I cannot have dairy products and the thing I miss most is yogourt. Does anyone have a good substitute for yogourt? Or any other good dairy substitutes, for that matter?


----------



## Guest (Oct 31, 2000)

What sort of IBS do you have.I have IBS - D and my doctor actually recommended yoghurt, she said a little every day actually helps, it helps clean the bowel. I can't have huge amounts but am still able to have it when I am feeling like it.i don't know of any substitutes for dairy apart from soy and have never tried them.Good luck with it


----------



## moms777 (Jan 29, 2000)

hi slb,I don't have a yogurt substitute for you, but as far as dairy, have you ever tried Rice Dream ice cream? It's pretty good. It's made of rice and while it doesn't take the place of real icecream, it's better than nothing!! It's available in health food stores and once in awhile I can find it in my grocers freezer, but not too often. I miss yogurt too,














If you ever hear of a non-dairy yogurt, let me know


----------



## Guest (Nov 20, 2000)

I can eat yogurt. Any other dairy makes me ILL. You can get soy cheese slices, usually in the produce department of the grocery store. They make great grilled cheese sandwiches. Also I use tofu as a substitutefor ricotta cheese if I'm making stuffed shells.
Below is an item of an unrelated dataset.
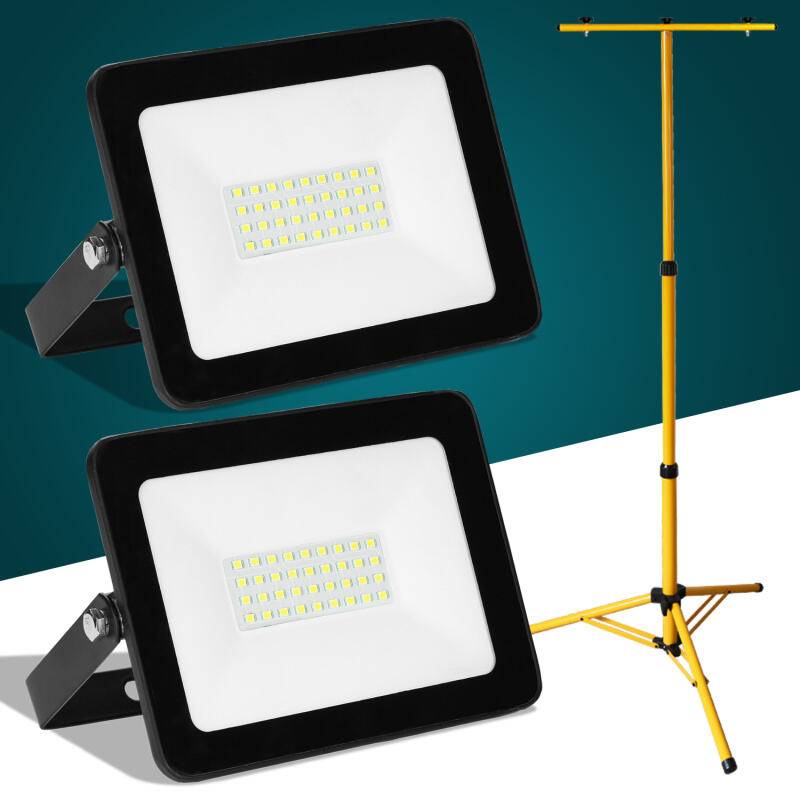 LED Baustrahler 2x 30W LED Fluter Flutlicht mit Stativ Außenstrahler IP81 Wasserdicht Scheinwerfer Arbeitsleuchte Kaltweiß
It sounds yucky, but my husband didn't even notice. There is also a sour cream and cream cheese substitute, but they didn't taste too great, to me anyways.


----------



## lindsay* (Jul 23, 2000)

white wave brand.. silk.. makes yogurt that is soy based.. it's really yummy. they also make good chocolate soy milk.tofutti makes amazing ice cream products.. including ice cream sandwiches(cuties) bars(crumble cake bars) cookie sandwiches(too-toos) logs, cakes, and half pints. they also make cookies, sour cream, cream cheese, and a few other things... www.tofutti.com can help you find a store near you! usually health food stores carry all of this stuff.amy's brand makes macaroni and soy cheeze which is really yummy. meijers sells that brand.. a lot of chain grocery stores do.i'm not a big fan of rice dream or soy delicious.hagan daaz and edy's make chocolate sorbet that is fat and dairy free and really yummy. www.vegsource.com has a lot of vegan(therefor dairy-free) recipes.. like lasangne, cookies, cake, etc.oh.. veggie brand soy cheeses are really tasty, most chains carry them in the produce section. they even have 3-cheese shredded kinds that melt.good luck!


----------



## Nytebugg (Mar 11, 2000)

Whole Soy makes a great yogurt. I've tried all their flavors and so far my fave is the raspberry. I didn't care for the lemon it tasted like a malox (sp?).------------------Joanna"I'm a 5th level vegan. I don't eat anything that casts a shadow."-Jesse (Eco-Hunk) TV show The Simpsons


----------



## tiggster78 (Dec 13, 2000)

I have IBS D and am also lactose intolerent but can tolerate yogurt. Of course I didn't know that until years and years of not having it. It has a bacteria or enzyme in it that already digests the lactose for you. Rice Dream ice cream is good but you might want to also try frozen yogurt or sherbert. Both are fine on my tummy though I can't tolerate regular ice cream.


----------



## Guest (Jun 15, 2001)

I have tried Tofutti ice cream. It is delicious. I would say better than real ice cream. My BF who does not have any problem loves it too. The ice cream sandwiches are pretty good too!!


----------



## Guest (Jun 15, 2001)

I have tried Tofutti ice cream and it is absolutely delicious. I would say better than real ice cream. My BF who does not have any problem loves it too!


----------



## jo-jo (Aug 19, 2001)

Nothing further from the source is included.